Stronger-Than-Expected Q2 GDP Growth in Sweden


Real GDP in Sweden grew 1.0 percent in Q2, well above expectations of a 0.7 percent print. Net exports were the largest contributor to growth, while fixed investment contracted for the second consecutive quarter.

Net Exports Underpin Robust Q2 Growth

Data released this morning showed that Swedish real GDP rose 1.0 percent in Q2 (4.0 percent at an annualized rate), besting analyst expectations. The strong print brought the year-over-year rate of growth up to 2.9 percent, the highest year-ago growth rate in nearly four years.

Growth was buttressed by net exports, which added 0.6 percentage points to the headline growth rate. Exports of goods and services were strong in Q2, growing 0.9 percent, but the 0.4 percent decline in imports further bolstered overall growth. (Imports subtract from GDP, so a decline in imports causes GDP growth to rise, everything else equal). This marks the second-consecutive quarterly decline in imports, which would suggest soft domestic demand, everything else equal. That said, the 0.6 percent gain in real household consumption is encouraging, particularly given the stagnation in this component in the prior quarter. Perhaps less encouraging was the 0.2 percent decline in fixed investment, which comes on the heels of a 0.4 percent drop in the prior quarter.

On balance, the report paints a reasonably encouraging picture of the Swedish economy. Economic activity has continued to accelerate on balance over the past few years, albeit modestly. Moreover, after hovering near 8 percent for most of the past few years, the decline in the unemployment rate seems to be showing nascent signs of accelerating (middle chart).

Despite the positive developments, however, CPI inflation has been more or less flat on a year-ago basis for much of the past two years (bottom chart). While this is partially reflective of lower energy prices, the rate of core CPI inflation has been stuck near zero as well. To be sure, the Riskbank (Sweden’s central bank) unexpectedly cut its main policy rate further into negative territory earlier in the month and ramped up its purchases of government bonds via its quantitative easing program, citing the need to ensure inflation would rise toward its 2 percent target. (The Riksbank’s policy rate, the repo rate, currently stands at -0.35 percent).

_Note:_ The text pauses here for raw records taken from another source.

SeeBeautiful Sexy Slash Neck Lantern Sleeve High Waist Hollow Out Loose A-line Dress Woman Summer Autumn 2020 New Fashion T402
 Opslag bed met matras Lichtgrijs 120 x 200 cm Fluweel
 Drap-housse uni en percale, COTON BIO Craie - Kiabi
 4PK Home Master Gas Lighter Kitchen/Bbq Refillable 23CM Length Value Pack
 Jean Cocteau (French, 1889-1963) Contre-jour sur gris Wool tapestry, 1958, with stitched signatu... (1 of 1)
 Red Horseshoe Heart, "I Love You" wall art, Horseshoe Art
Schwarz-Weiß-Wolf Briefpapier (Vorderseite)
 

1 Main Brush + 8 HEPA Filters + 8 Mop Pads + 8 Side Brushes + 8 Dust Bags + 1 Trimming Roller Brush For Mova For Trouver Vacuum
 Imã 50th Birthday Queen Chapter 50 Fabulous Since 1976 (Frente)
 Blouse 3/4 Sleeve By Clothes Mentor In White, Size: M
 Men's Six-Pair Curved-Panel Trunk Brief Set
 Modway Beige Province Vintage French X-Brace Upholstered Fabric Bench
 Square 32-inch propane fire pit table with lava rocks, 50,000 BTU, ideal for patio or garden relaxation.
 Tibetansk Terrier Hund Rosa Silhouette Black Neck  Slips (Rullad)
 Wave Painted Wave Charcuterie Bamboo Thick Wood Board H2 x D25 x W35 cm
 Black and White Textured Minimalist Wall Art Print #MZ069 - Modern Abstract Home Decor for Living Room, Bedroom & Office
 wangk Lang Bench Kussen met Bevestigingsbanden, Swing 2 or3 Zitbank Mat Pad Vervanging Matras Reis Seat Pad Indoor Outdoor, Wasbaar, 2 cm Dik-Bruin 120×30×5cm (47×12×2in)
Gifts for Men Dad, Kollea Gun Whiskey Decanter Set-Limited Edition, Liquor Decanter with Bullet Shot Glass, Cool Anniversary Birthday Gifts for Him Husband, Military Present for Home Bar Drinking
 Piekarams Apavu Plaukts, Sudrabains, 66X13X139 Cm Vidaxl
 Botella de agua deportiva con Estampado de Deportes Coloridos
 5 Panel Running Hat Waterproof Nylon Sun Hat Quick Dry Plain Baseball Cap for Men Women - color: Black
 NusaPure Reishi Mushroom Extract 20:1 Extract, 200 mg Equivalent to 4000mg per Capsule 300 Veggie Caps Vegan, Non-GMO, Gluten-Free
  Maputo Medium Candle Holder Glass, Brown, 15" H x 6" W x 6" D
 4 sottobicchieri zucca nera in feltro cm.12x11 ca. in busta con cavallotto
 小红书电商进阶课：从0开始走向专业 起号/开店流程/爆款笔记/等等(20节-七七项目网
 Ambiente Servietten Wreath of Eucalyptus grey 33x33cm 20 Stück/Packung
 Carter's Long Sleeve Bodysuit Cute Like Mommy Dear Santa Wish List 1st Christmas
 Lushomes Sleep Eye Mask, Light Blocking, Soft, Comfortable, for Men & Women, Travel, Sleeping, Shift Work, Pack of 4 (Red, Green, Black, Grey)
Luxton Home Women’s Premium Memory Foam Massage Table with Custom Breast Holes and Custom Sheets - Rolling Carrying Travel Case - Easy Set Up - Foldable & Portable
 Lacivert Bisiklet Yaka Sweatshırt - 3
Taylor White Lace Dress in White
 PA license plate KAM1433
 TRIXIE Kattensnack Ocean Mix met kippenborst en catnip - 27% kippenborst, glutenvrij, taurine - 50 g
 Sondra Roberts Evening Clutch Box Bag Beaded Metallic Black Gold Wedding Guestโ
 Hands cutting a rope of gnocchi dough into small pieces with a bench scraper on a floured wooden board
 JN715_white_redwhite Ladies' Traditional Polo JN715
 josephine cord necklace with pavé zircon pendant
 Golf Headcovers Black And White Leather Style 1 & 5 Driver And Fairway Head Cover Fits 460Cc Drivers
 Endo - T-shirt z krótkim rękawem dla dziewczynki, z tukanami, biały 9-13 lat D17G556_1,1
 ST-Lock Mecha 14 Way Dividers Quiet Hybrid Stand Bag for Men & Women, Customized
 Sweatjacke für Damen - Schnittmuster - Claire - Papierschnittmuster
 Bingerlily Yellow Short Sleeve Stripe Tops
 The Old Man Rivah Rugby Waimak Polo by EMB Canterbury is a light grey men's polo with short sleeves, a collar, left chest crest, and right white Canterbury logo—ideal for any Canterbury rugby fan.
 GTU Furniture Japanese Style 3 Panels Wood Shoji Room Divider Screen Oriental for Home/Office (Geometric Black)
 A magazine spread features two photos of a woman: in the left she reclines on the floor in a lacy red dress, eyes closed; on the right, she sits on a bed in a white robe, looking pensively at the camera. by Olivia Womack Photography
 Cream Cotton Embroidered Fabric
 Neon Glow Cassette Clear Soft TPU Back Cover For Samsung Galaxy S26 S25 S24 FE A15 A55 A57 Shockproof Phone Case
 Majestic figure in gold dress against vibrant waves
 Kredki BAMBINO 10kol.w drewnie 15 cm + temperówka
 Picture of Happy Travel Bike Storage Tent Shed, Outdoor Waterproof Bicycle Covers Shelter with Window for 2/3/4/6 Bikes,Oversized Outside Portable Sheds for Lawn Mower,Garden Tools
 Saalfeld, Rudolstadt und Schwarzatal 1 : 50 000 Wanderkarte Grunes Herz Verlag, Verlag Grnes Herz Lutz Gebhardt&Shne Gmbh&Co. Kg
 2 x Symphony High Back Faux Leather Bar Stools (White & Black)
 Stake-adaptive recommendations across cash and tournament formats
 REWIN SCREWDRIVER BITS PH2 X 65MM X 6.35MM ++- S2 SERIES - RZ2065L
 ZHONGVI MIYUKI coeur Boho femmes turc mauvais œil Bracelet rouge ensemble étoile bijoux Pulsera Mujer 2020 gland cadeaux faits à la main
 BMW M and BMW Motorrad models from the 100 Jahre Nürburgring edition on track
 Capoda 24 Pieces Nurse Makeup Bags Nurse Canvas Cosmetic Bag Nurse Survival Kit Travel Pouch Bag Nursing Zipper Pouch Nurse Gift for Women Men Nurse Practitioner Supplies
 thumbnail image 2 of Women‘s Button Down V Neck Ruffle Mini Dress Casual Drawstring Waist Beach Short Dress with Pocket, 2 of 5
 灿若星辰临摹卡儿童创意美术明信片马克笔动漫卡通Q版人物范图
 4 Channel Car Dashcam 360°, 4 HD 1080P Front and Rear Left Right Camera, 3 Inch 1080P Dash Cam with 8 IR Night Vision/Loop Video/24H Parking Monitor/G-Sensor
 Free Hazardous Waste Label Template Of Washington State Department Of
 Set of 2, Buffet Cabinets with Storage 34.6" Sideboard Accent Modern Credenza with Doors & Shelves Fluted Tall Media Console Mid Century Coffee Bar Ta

Given the persistent weakness in inflation and the country’s modest growth performance, we continue to expect monetary policy will remain accommodative in Sweden for quite some time, at least until inflation shows concrete signs of returning to the Riksbank’s target. In fact, in the minutes of its most recent policy meeting, the Riksbank noted that it “still had a high level of preparedness to make monetary policy even more expansionary if necessary,” suggesting further rate cuts are not out of the question. In contrast, we look for the Federal Reserve to begin hiking rates later this year and, as a result, our currency strategy team forecasts that the Swedish krona will trend lower against the U.S. dollar in coming quarters.